When Adam Manilla was still a small boy just 7 or 8 years old, his father would take him to the gym and give him the option of spending his time in the day care or locked inside a racquetball court where he was free to play.
He chose the racquetball court every time. Little did his father know, it was the start of a big part of his son's future.
Manilla, a 20-year-old University of Colorado sophomore, recently won the men's singles title at the U.S. National Intercollegiate Championships at Arizona State. Manilla is the reigning 18-under national champion and won his latest title by defeating an opponent ranked eighth in the professional International Racquetball Tour.
"Racquetball is kind of my life now," Manilla said. "I do racquetball and school and that's about it."
Manilla also won the men's doubles title with fellow CU student Nick Riffel. Both Buffs are now qualified for the 2015-16 U.S. National Team. The duo has competed together internationally in the past in the Dominican Republic, Mexico, Bolivia and Colombia.

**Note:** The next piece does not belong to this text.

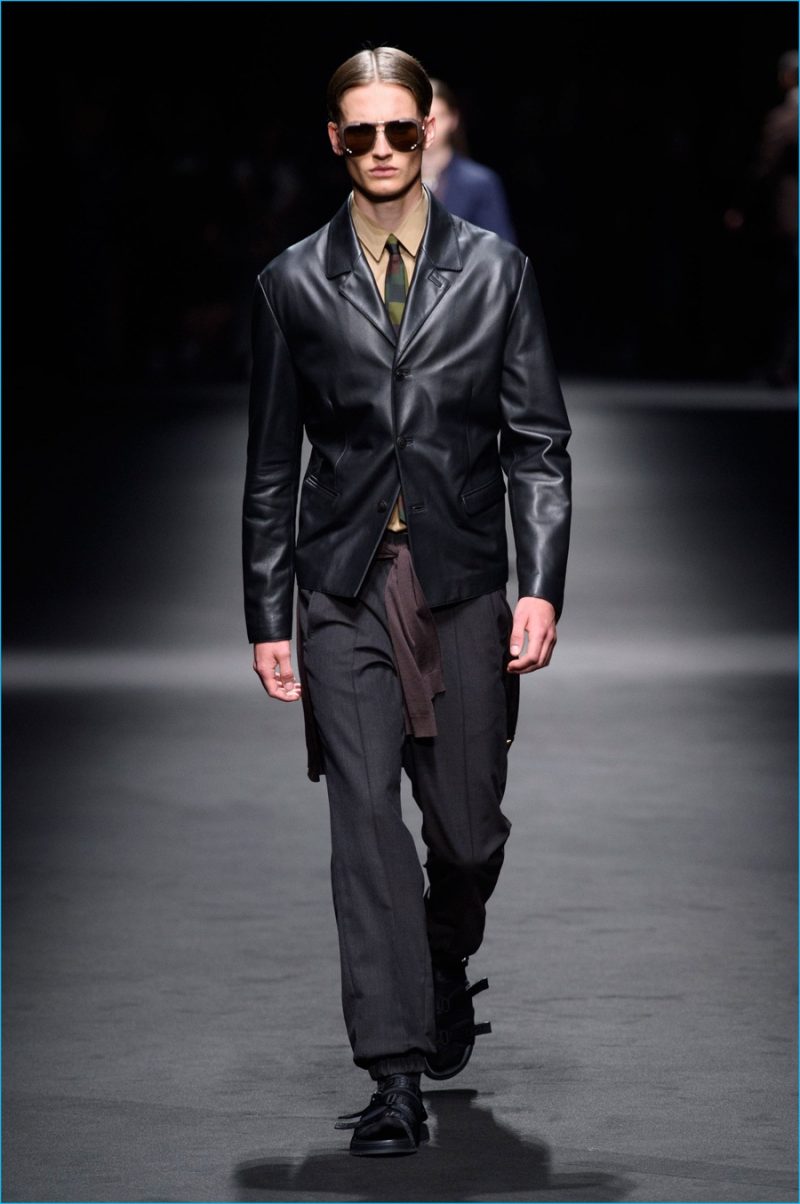 Leather is revisited by Versace with lightweight jackets for an effortless cool.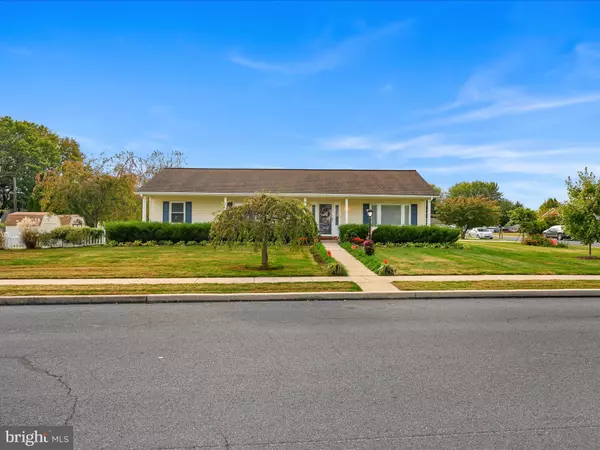 Mechanicsburg, PA 17050,1 BOURBON RED DRIVE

Their performance helped the CU team finish third at the intercollegiate nationals and they're hoping that success will help attract more members to the team in the future. It wouldn't be a surprise to see their accomplishment highlighted during halftime of a CU football game next fall. Manilla will be competing again this week at the Mile High Racquetball Pro/Am at the Denver Athletic Club.
Not long after he first started teaching himself to play on the courts at his dad's gym, Manilla joined a Saturday racquetball club and several years later he entered his first national junior tournament as a 9-year-old.
"The first year I got completely slaughtered, but I kept working," Manilla said. "When I was about 11 I won my first national tournament. From there on, I kept playing and practicing and here I am today."
He won his first national title in a junior tournament at 11. The tournaments generally last three or four days and are single-elimination draws, which makes an athlete focus just a bit more when traveling hundreds or even thousands of miles to participate. Matches consist of two or three games to 15 points.
Manilla grew up in Aurora and attended Regis Jesuit High School before coming to Boulder and CU.
Manilla said he was always drawn to the friendliness of the people in the sport even through highly competitive situations. Manilla was ranked 54th in the USA Racquetball rankings and fifth among college players before the collegiate nationals. He has also played in several pro tournaments but is still waiting for a breakthrough performance at that level.
Having just accomplished one of his larger goals in the sport by winning the collegiate national title, Manilla said there is still a long way to go. He plans to enter an adult national tournament in Denver later in May, and winning there would be another big feather in his cap.
Manilla is pursuing a mechanical engineering degree at CU, but he isn't sure how he plans to use it just yet. He would love to find a way to combine one passion with another and possibly design something that furthers his sport. He's still brainstorming.
"The ultimate goal for me is to play the pro circuit and to eventually end up No. 1 on the pro tour," Manilla said. "That's kind of my dream goal that I'm striving for right now.
"There is always someone better. So it's a good drive to keep on going to be as good as you possibly can."